If I use the same start data and do the same calculations, will be the results equal on different devices?
Not necessarily identical, but they will be very close. The reason is that different devices may support different rounding rounding modes, some will support denormalized floats, some not, etc. Also the result from math functions may be very slightly different within the error limits allowed by the specification.
Looks like more safe solution is using fixed point numbers. But if I remember, GPUs are optimized for using floats.
Unless you are doing scientific computations, the difference between devices is going to be so minimal it won’t matter. If necessary, rather than using fixed point I would modify slightly my code so that it handles very small differences gracefully.
I want to use OpenCL for AI, for multiplayer - so very small differences at the beginning can result in huge differences after a long time.
In OpenCL documentation, I found:
float - A single precision float. The float data type must conform to the IEEE 754 single precision storage format.
Looks like there is a standard for this variable - but is “must” equal “is in real”? Or “in real” is equal:
I honestly can’t understand your question. The representation of floats in OpenCL is identical to IEEE 754:2008. However, there’s some leeway in corner cases such as behavior of denormalized floats, etc. Also, different devices may have different rounding modes.
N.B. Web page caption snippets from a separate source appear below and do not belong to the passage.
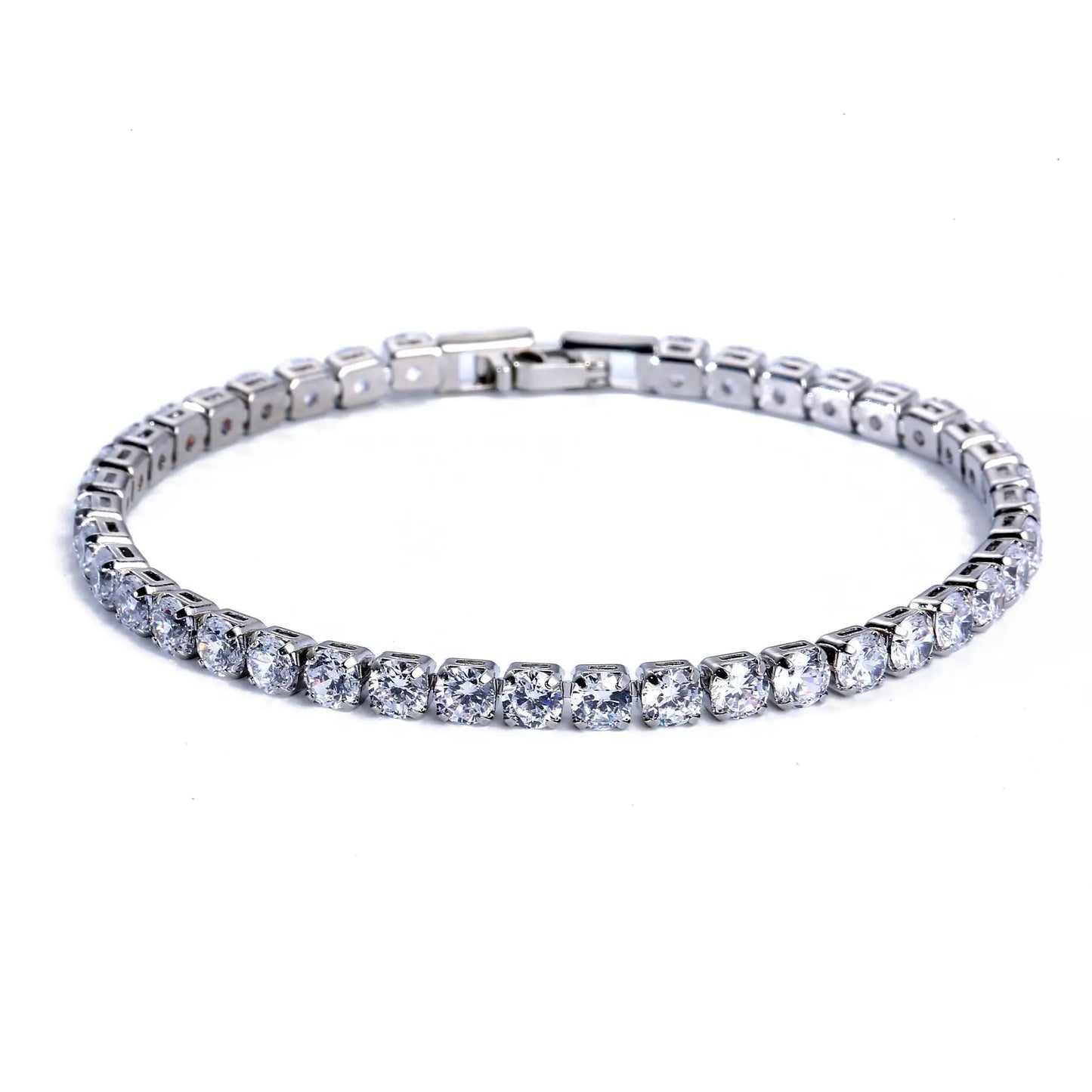 Luxus Hiphop Iced Out 4mm Zirkonia Kristall Tennis Armbänder Für Frauen Männer Gold Farbe Silber Farbe Armband Kette schmuck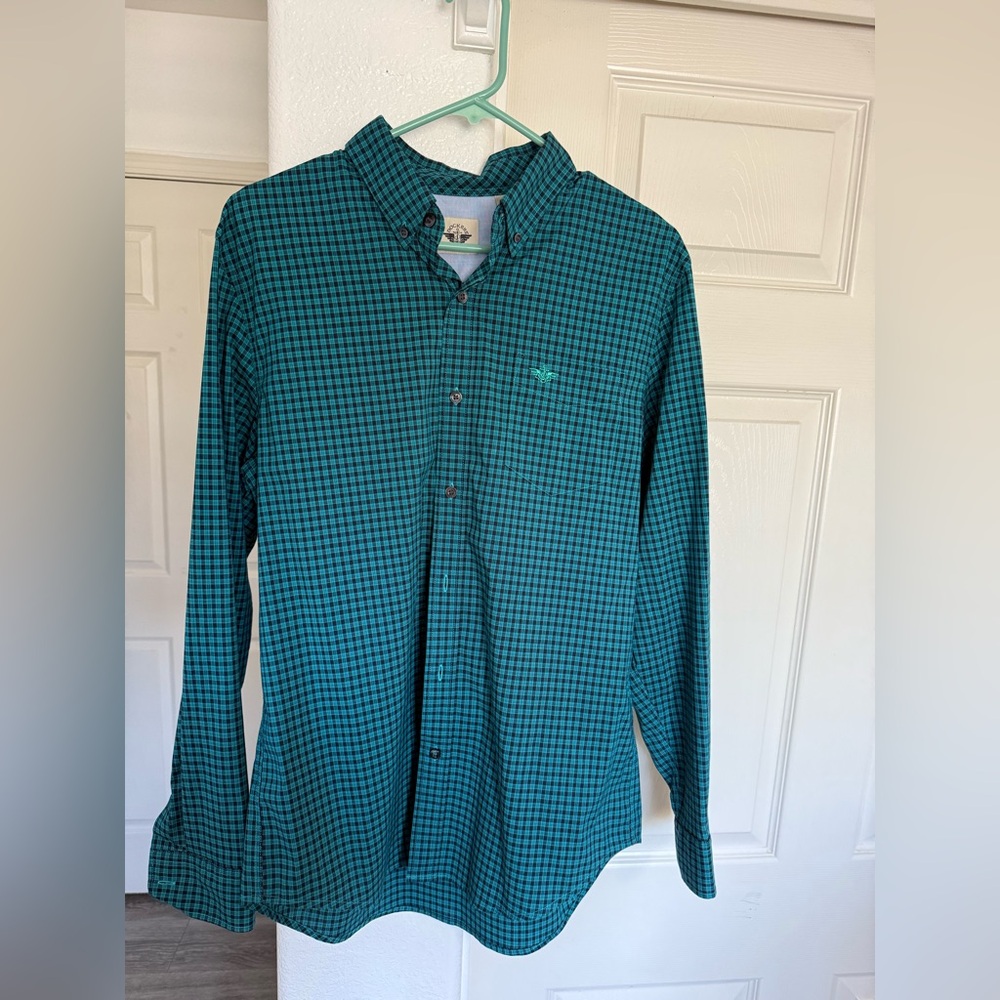 Dockers Teal Checkered Casual Shirt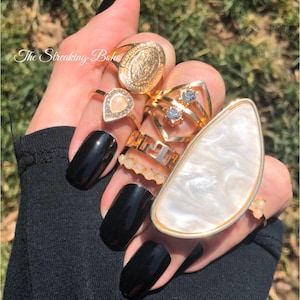 Gold Boho Crystal Stacking Ring set with Large adjustable acrylic finger ring and fire opal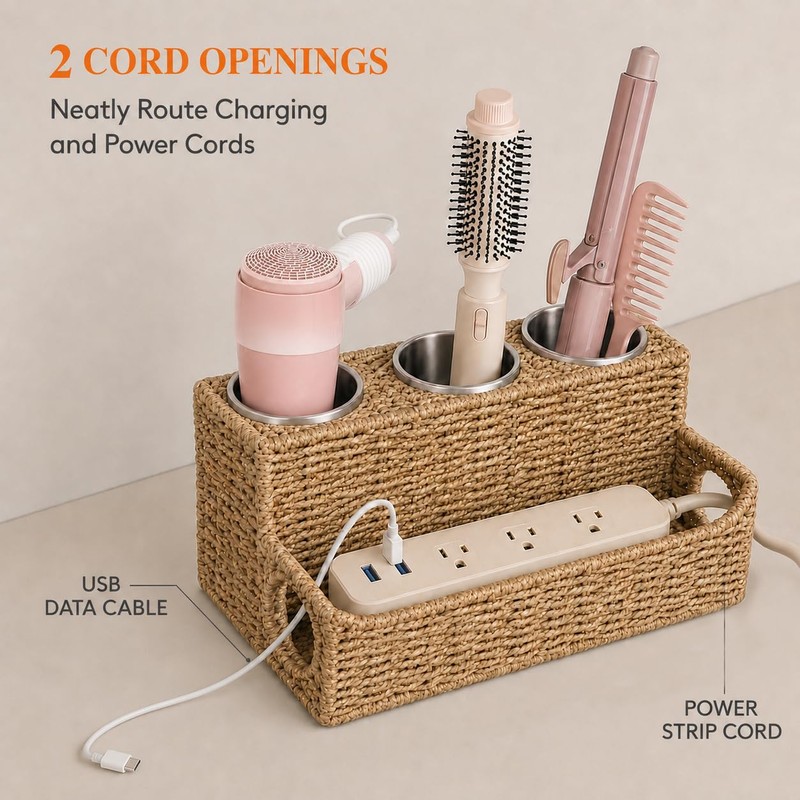 Hair Tool Organizer Countertop with 3 Stainless Steel Cups, Woven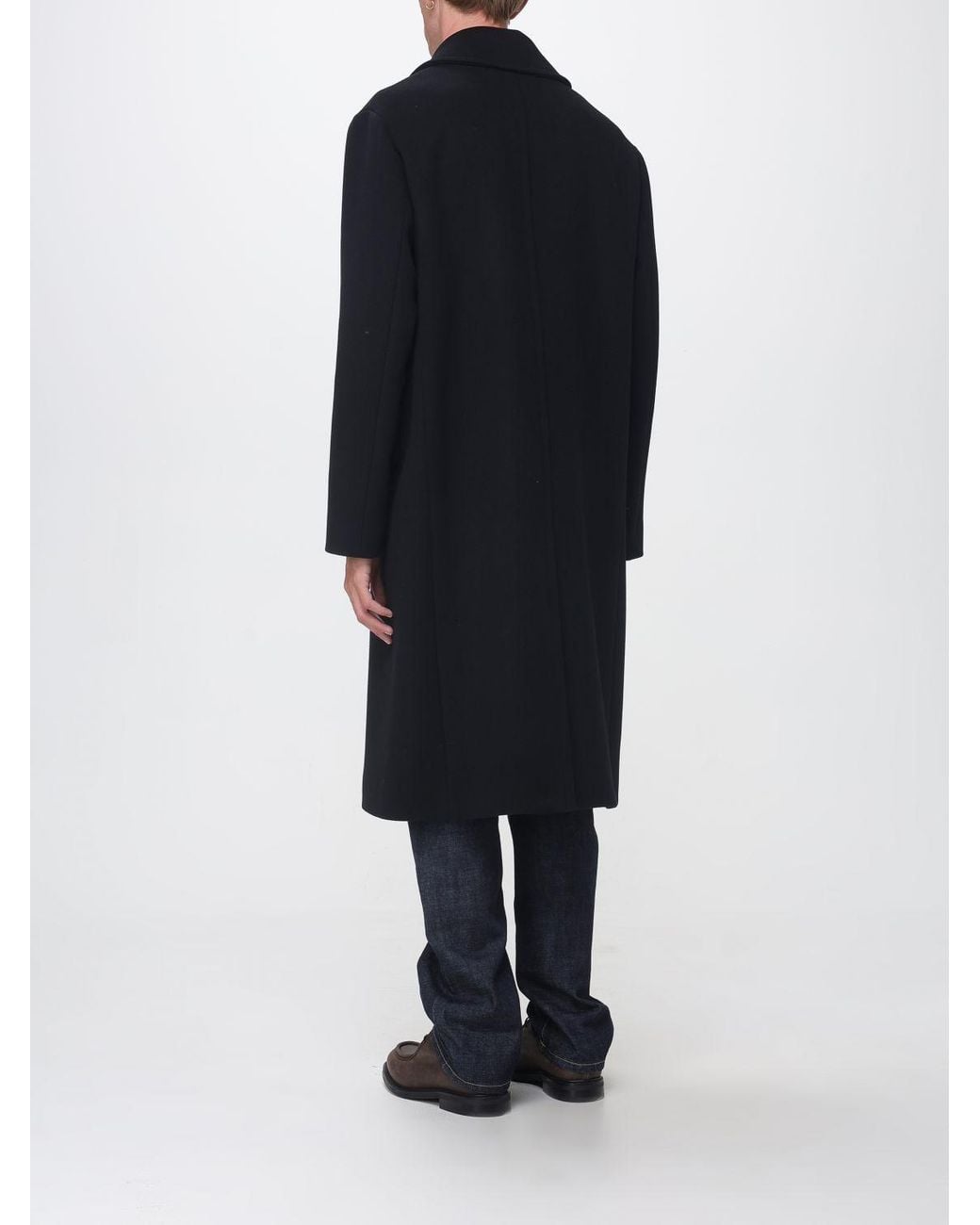 Fendi Blue Long Double-Breasted Virgin Wool Coat With Lapels for men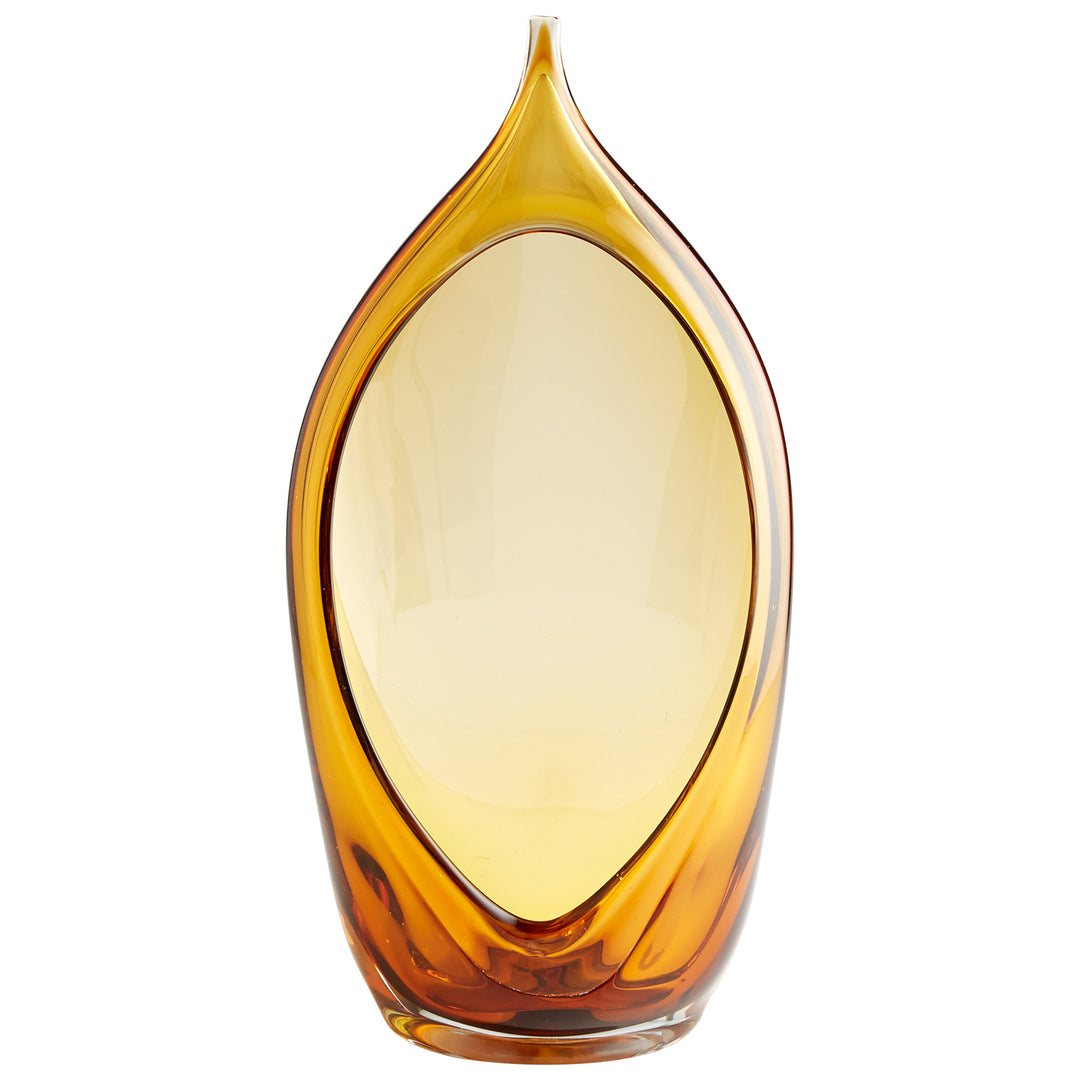 Neema Vase | Amber-Medium | Medium Amber Decorative Vase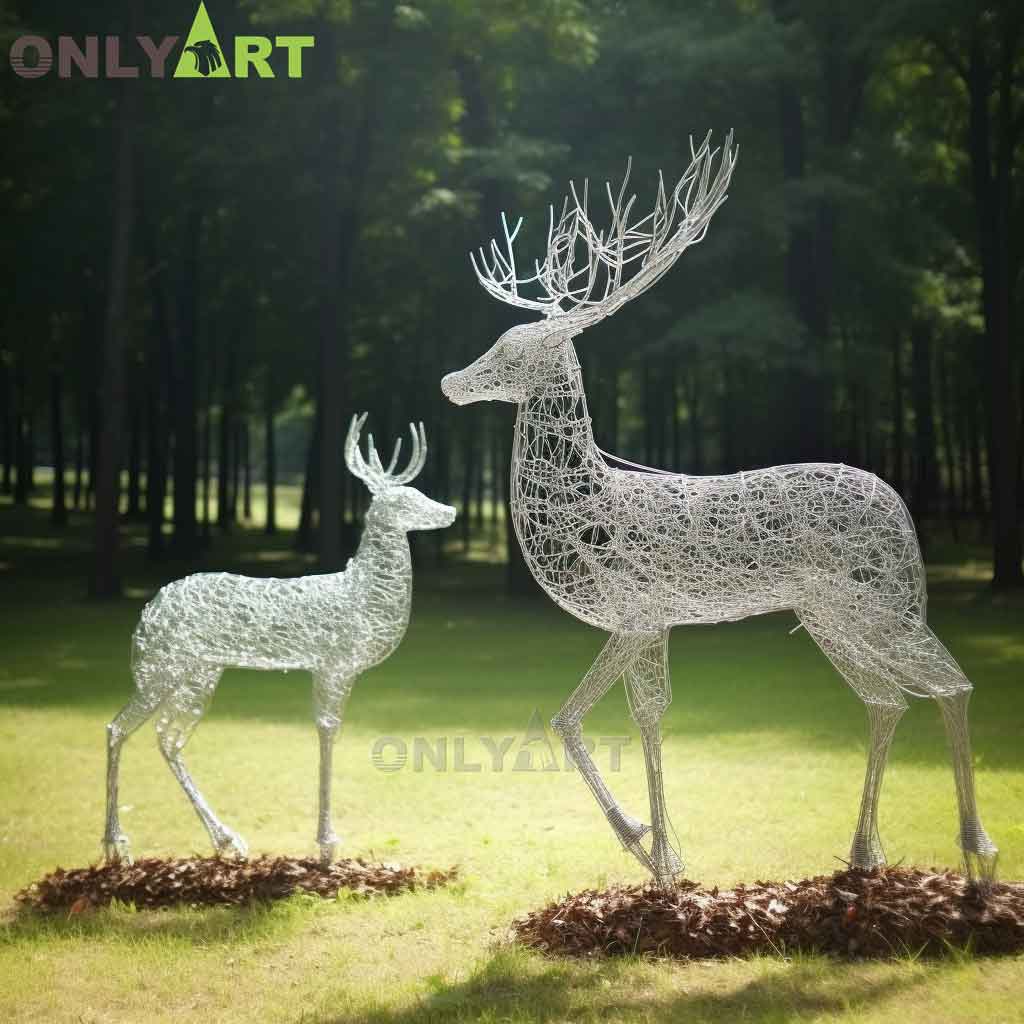 Metal Wire Mesh Deer Sculpture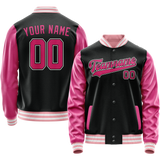 Custom Black Pink Solid Color Varsity Letterman Jacket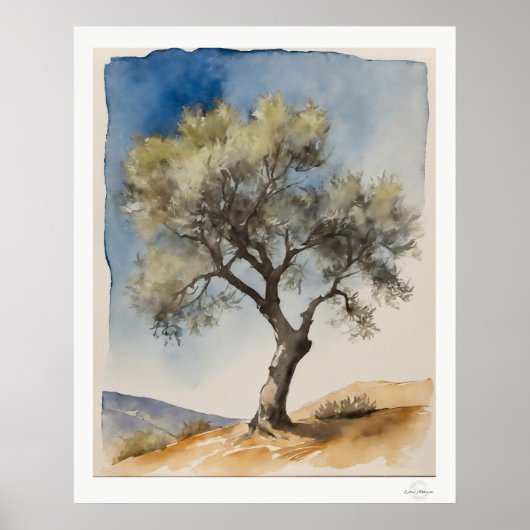 Solitary Olive Tree Botanical Art Print (Voorkant)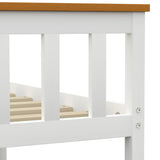 Bed Frame Without Mattress White Solid Pinewood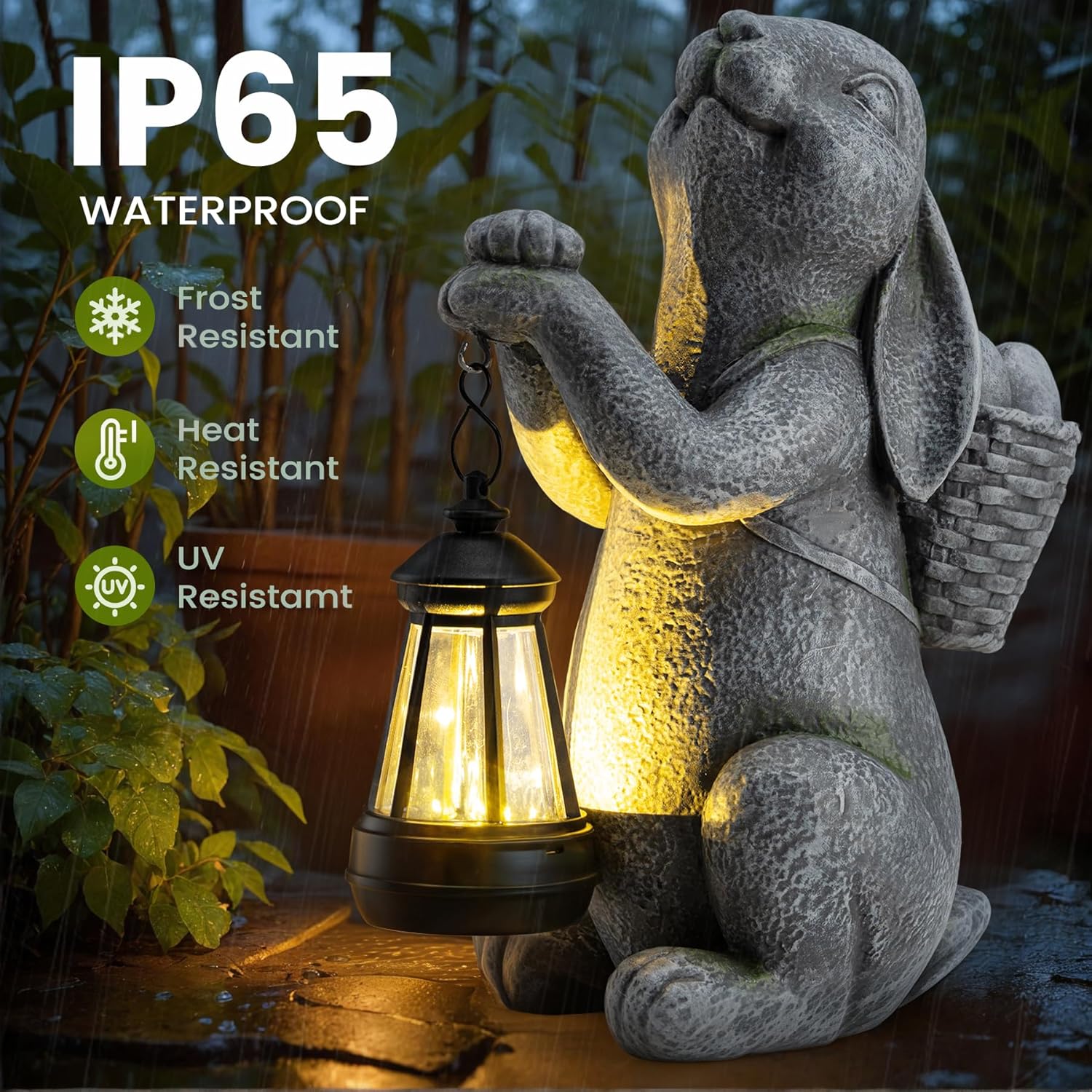 Solar Garden Outdoor Statues Rabbit with Solar Lantern,Outdoor Bunny Figurines Decorations,Lawn Decor Bunny Statue for Patio, Balcony, Yard Ornament,Unique Housewarming and Easter Gifts - Image 3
If you are only concerned about desktop devices, then round-towards-even is the default and it’s guaranteed.
More complex functions like sine, cosine, etc. may vary very slightly between devices. This is given by section 7.4 of the CL 1.1. spec. Notice that the precision of sine/cosine/etc. in C or C++ is not defined at all, so OpenCL is actually going to give you more predictable accuracy.
Again, I would not worry about precision issues.